In the entries below, find the line containing "MARRANT Men Genuine" and the line containing "Wallis Petite Navy". Copy those two lines and everything between them exactly, without the pictures.

DATA SUPPLIED >>
----------------------------------------
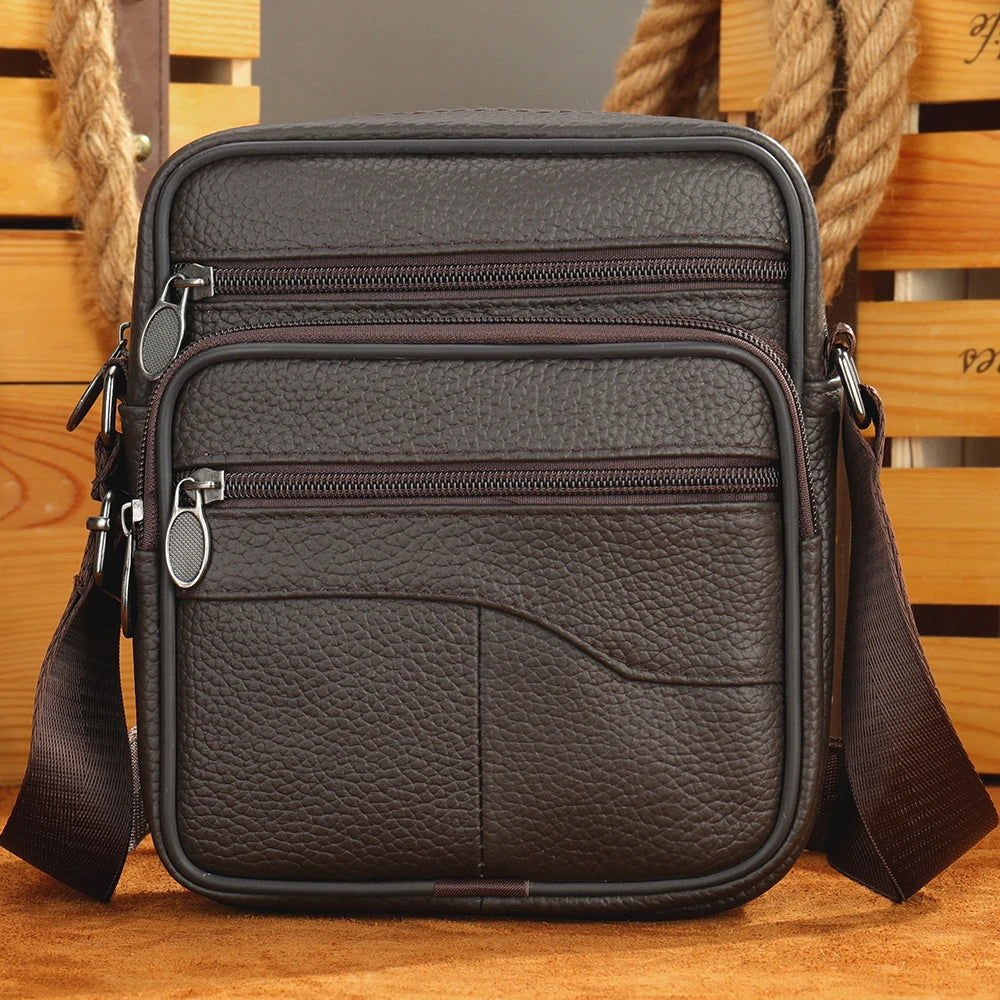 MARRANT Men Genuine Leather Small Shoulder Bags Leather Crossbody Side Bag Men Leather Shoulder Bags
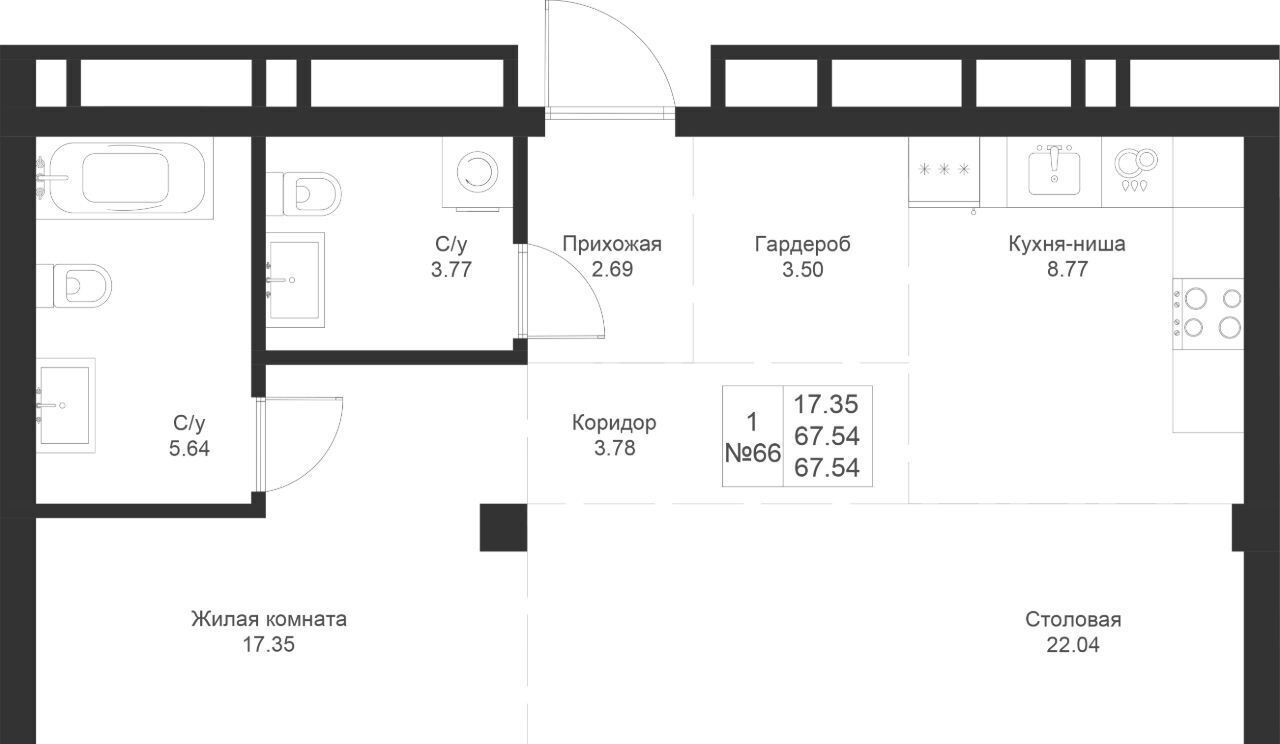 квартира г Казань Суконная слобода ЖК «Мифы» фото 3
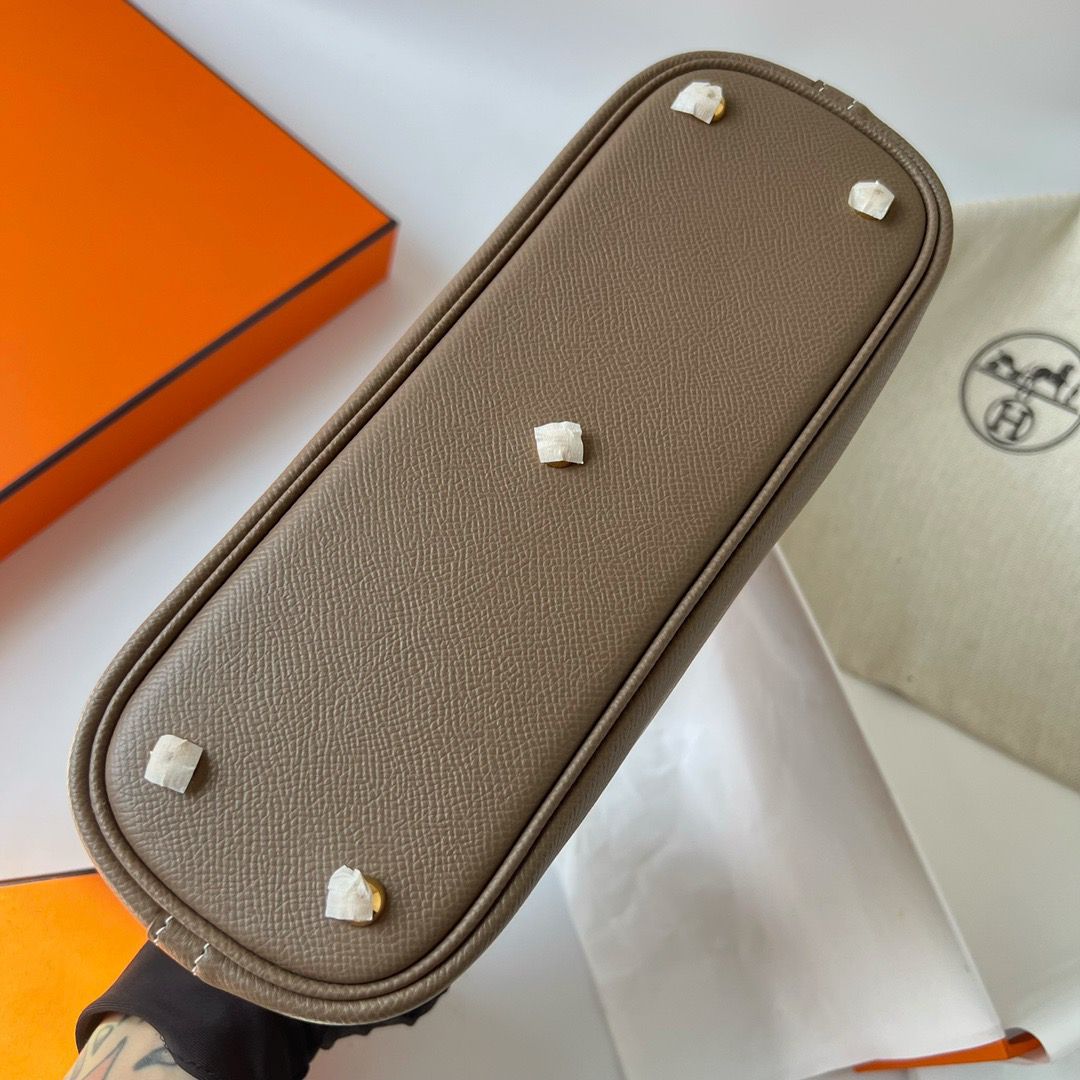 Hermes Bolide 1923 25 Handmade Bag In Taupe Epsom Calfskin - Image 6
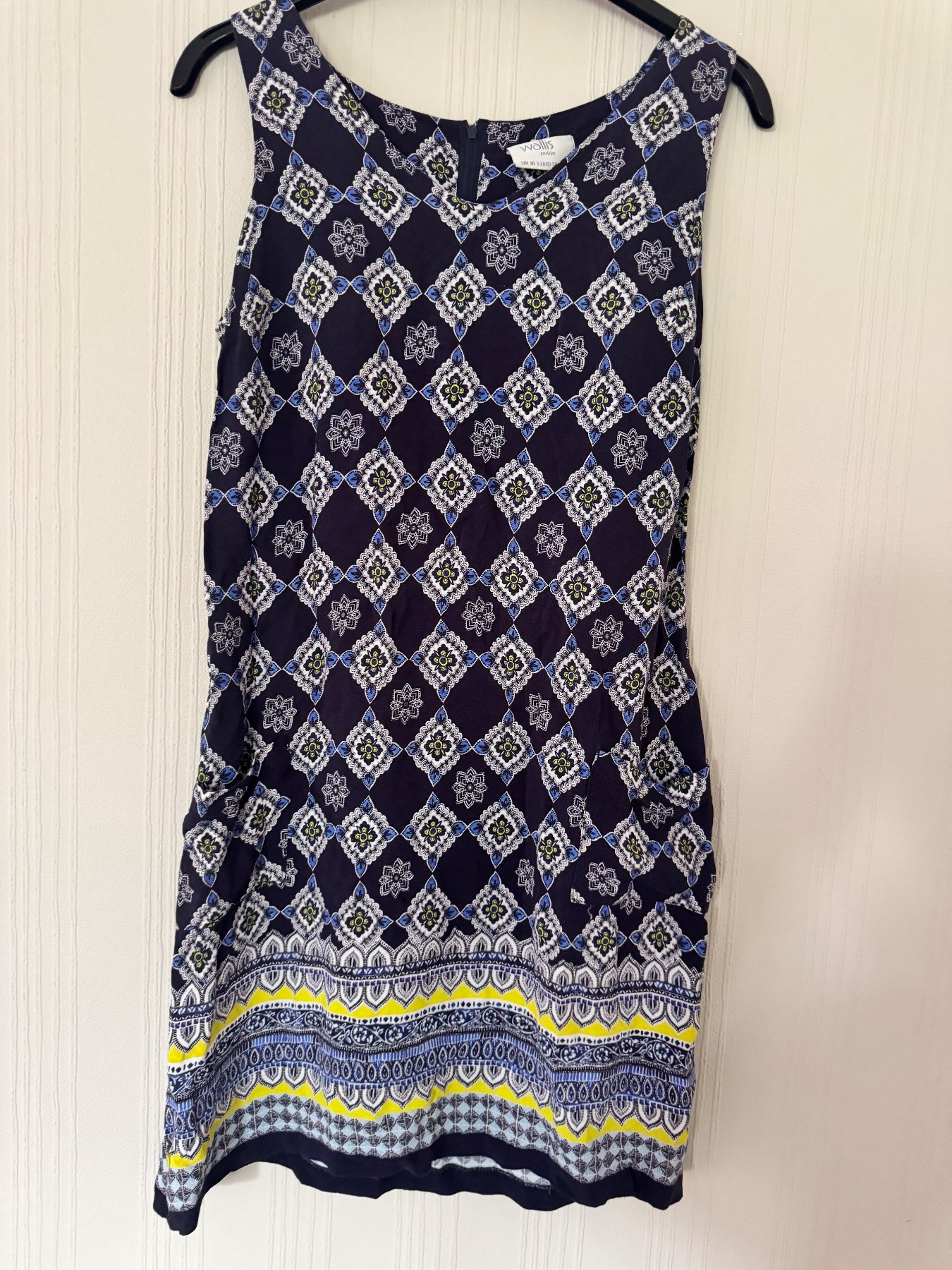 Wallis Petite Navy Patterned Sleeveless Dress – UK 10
----------------------------------------
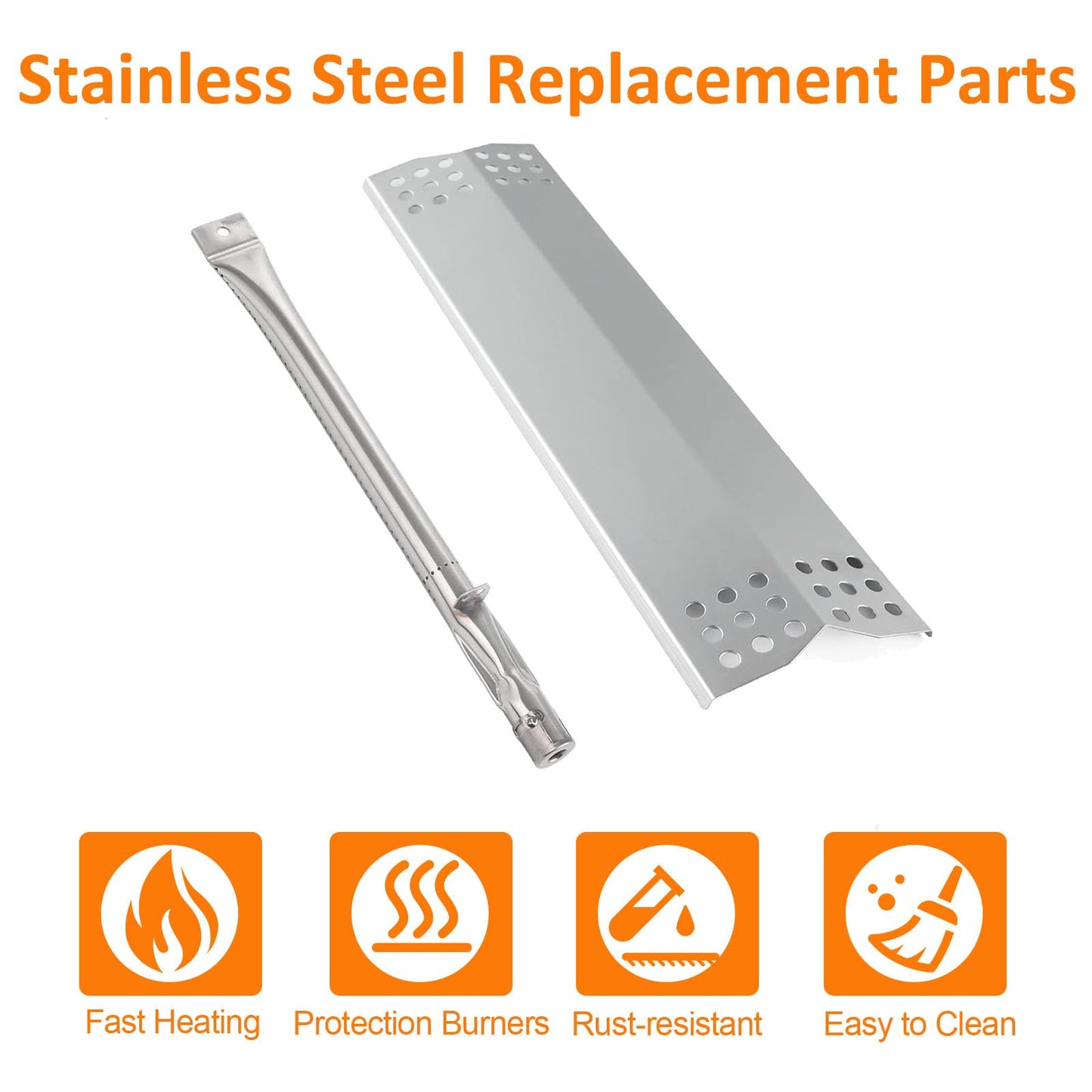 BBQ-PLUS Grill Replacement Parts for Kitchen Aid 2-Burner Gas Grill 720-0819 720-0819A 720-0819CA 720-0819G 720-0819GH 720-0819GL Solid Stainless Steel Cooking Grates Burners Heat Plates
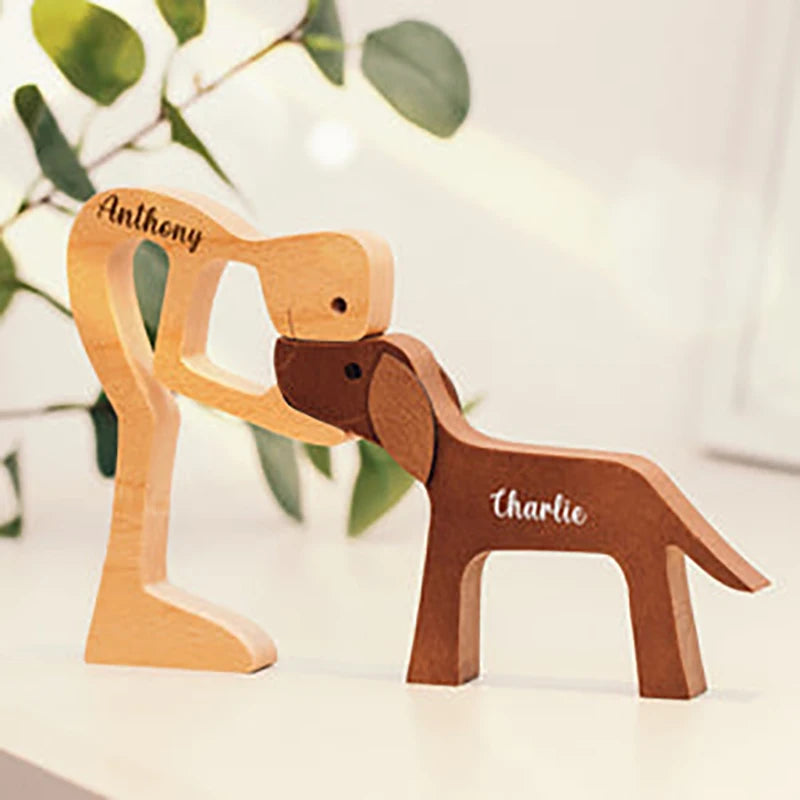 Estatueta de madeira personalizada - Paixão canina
----------------------------------------
WRITTEN REPLY >>
 MARRANT Men Genuine Leather Small Shoulder Bags Leather Crossbody Side Bag Men Leather Shoulder Bags
 квартира г Казань Суконная слобода ЖК «Мифы» фото 3
 Hermes Bolide 1923 25 Handmade Bag In Taupe Epsom Calfskin - Image 6
 Wallis Petite Navy Patterned Sleeveless Dress – UK 10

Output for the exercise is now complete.